Положение, разумеется, никогда не бывает статично. Читать и писать художественную прозу — значит участвовать в одной из форм активного социального взаимодействия, собеседования и соперничества. Это один из способов быть и становиться. Почему-то в самый нужный момент, когда я чувствую себя особенно потерянным и одиноким, всегда оказывается, что можно завязать новую дружбу, развязаться со старой дружбой, простить старого врага, выявить нового врага. Я даже не могу — я еще вернусь к этому — написать новый роман без того, чтобы вначале у меня появились новые друзья и враги. Чтобы начать писать "Поправки", я подружился с Кэндзабуро Оэ, Полой Фокс, Халлдором Лакснессом и Джейн Смайли. Для работы над "Свободой" я нашел новых союзников — это Стендаль, Толстой, Элис Манро. На какое-то время моим новым заклятым врагом стал Филип Рот, но не так давно он неожиданно сделался также и моим другом. Я по-прежнему противник его "Американской пасторали", но, когда я наконец добрался до "Театра Шаббата", бесстрашие и неистовство этой вещи вдохновили меня. Я давно не испытывал такой благодарности писателю, как при чтении эпизода, в котором лучший друг Микки Шаббата, отец юной девушки, застает его в ванной с ее фотографией и ее трусиками, или эпизода, где Шаббат находит в кармане своей армейской куртки пластиковый стаканчик из–под кофе и, чтобы хорошенько унизиться, начинает просить милостыню в подземке. Не знаю, хочет ли Рот иметь такого друга, как я, но в эти минуты я радостно ощущал в себе дружеские чувства к нему. Я рад объявить себя сторонником "Театра Шаббата" с его дикарским весельем — в этой книге я вижу укоризненную поправку к сентиментальности иных молодых американских писателей и не столь молодых критиков, которые, похоже, полагают, пренебрегая Кафкой, что литератор непременно должен быть мил и приятен.
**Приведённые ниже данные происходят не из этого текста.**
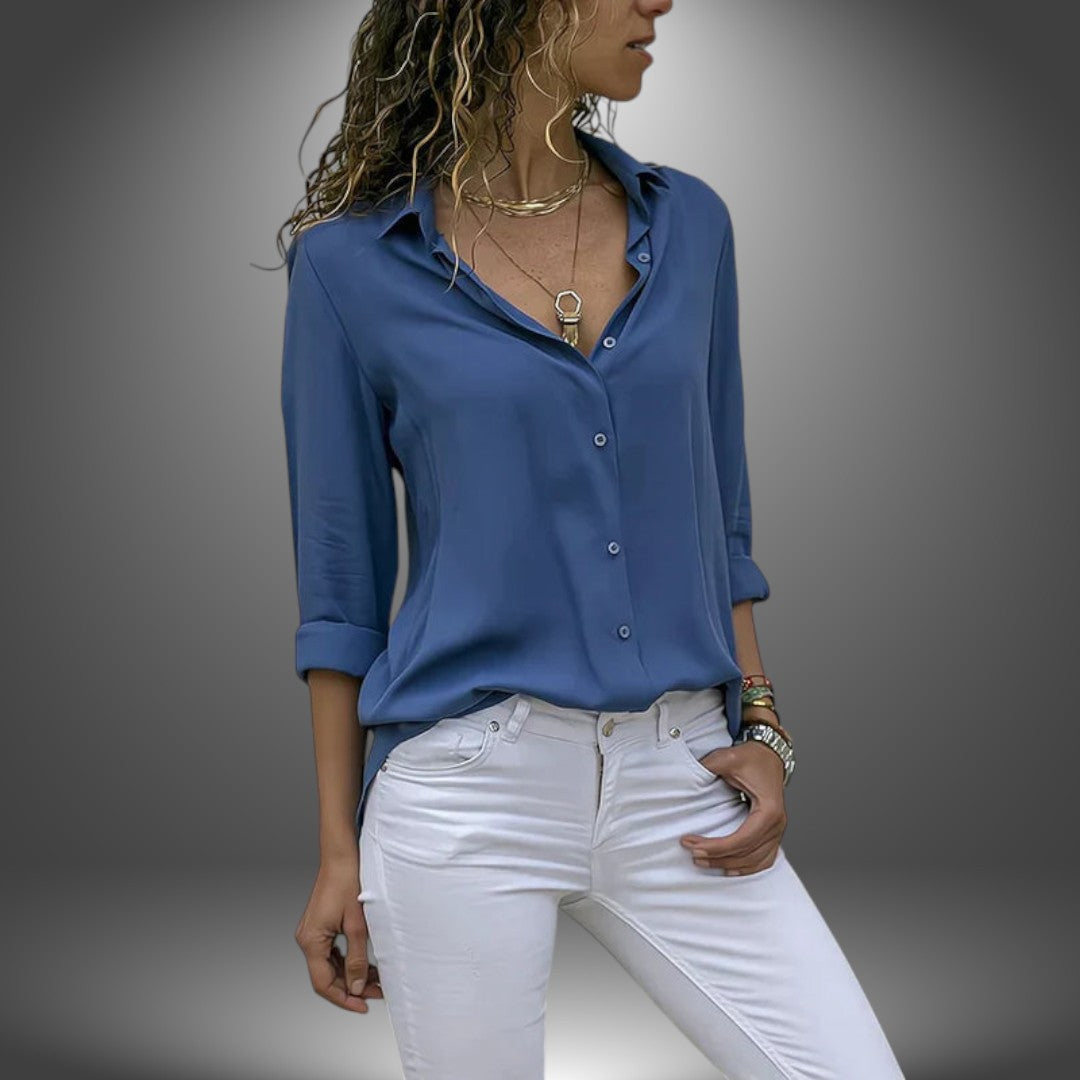 Sienna | Classic Button Blouse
Второй извечный вопрос таков: "В какое время дня вы работаете и на чем вы пишете?" Тем, кто его задает, он, вероятно, кажется самым безобидным и вежливым из вопросов. Подозреваю, его задают писателю, когда не приходит в голову ничего другого, о чем спросить. Но для меня этот вопрос — самый бесцеремонный, самый неприятно-личный из всех. Он заставляет меня увидеть, как я каждое утро в восемь часов сажусь за свой компьютер, — заставляет бросить объективный взгляд на человека, который, садясь в восемь утра за свой компьютер, хочет одного: быть невидимым, раствориться в чистейшей субъективности. Когда я работаю, я не хочу, чтобы в комнате был еще кто-нибудь, даже я сам.
Вопрос номер три: "Один писатель сказал в интервью, что на определенном этапе работы над романом персонажи "берут власть в свои руки" и начинают им, автором, командовать. Бывает ли такое с вами?" От этого вопроса у меня всегда поднимается давление. Никто не ответил на него лучше, чем Набоков: в интервью журналу Paris Review. Он, указав на Э.М. Форстера как на источник мифа о "взятии власти" героями романа, заявил, что, в отличие от Форстера, отпустившего своих персонажей в Индию, он заставляет своих героев работать "как рабов на галерах". У Набокова явно тоже поднялось давление от этого вопроса.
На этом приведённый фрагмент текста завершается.